States of Christian perfection are those whose members are obliged in a permanent and stable manner, through certain means,* to acquire Christian perfection or to exercise it for the good of others.

[Son aquellos estados de vida cristiana cuyos miembros se obligan de una manera permanente y estable, mediante determinados medios, a adquirir la perfección cristiana o a ejercitarla en bien de los demás.]

*such as a rule approved by the Church, like St. Benedict's Rule or St. Augustine's Rule

Thus, "state of perfection" can be divided into that for

  1. acquiring perfection
  2. exercising perfection for the good of others
    • Episcopal state, whose object is the good of others out of the love of God.

St. Thomas's articles on the question of the state of perfection in general (Summa Theologica II-II q. 184) are well worth reading. Relevant here are articles

  • 1. Whether the perfection of the Christian life consists chiefly in charity?

    A thing is said to be perfect in so far as it attains its proper end, which is the ultimate perfection thereof. Now it is charity that unites us to God, Who is the last end of the human mind, since "he that abideth in charity abideth in God, and God in him" (1 Jn. 4:16). Therefore the perfection of the Christian life consists radically in charity.

  • 4. Whether whoever is perfect is in the state of perfection?

    properly speaking, one is said to be in the state of perfection, not through having the act of perfect love, but through binding himself in perpetuity and with a certain solemnity to those things that pertain to perfection.
    cf.
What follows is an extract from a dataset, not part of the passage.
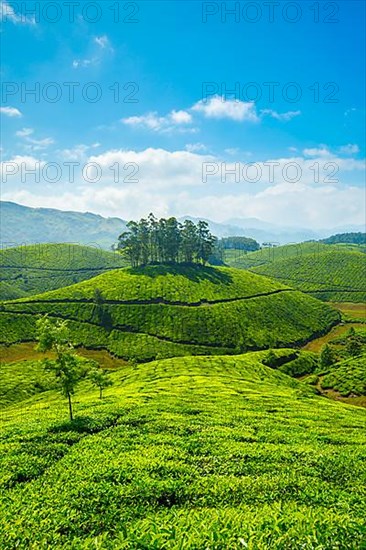 Tea plantations. Munnar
II-II q. 186 a. 1 ad 3: "it does not follow that whoever is in the state of perfection is already perfect, but that he tends to perfection." Even those who struggle upholding the 10 Commandments are permitted to enter religion, because "the religious state is a spiritual schooling for the attainment of the perfection of charity," "accomplished through the removal of the obstacles to perfect charity by religious observances" (II-II q. 189 a. 1 co.).

  • 7. Whether the religious state is more perfect than that of prelates [bishops]?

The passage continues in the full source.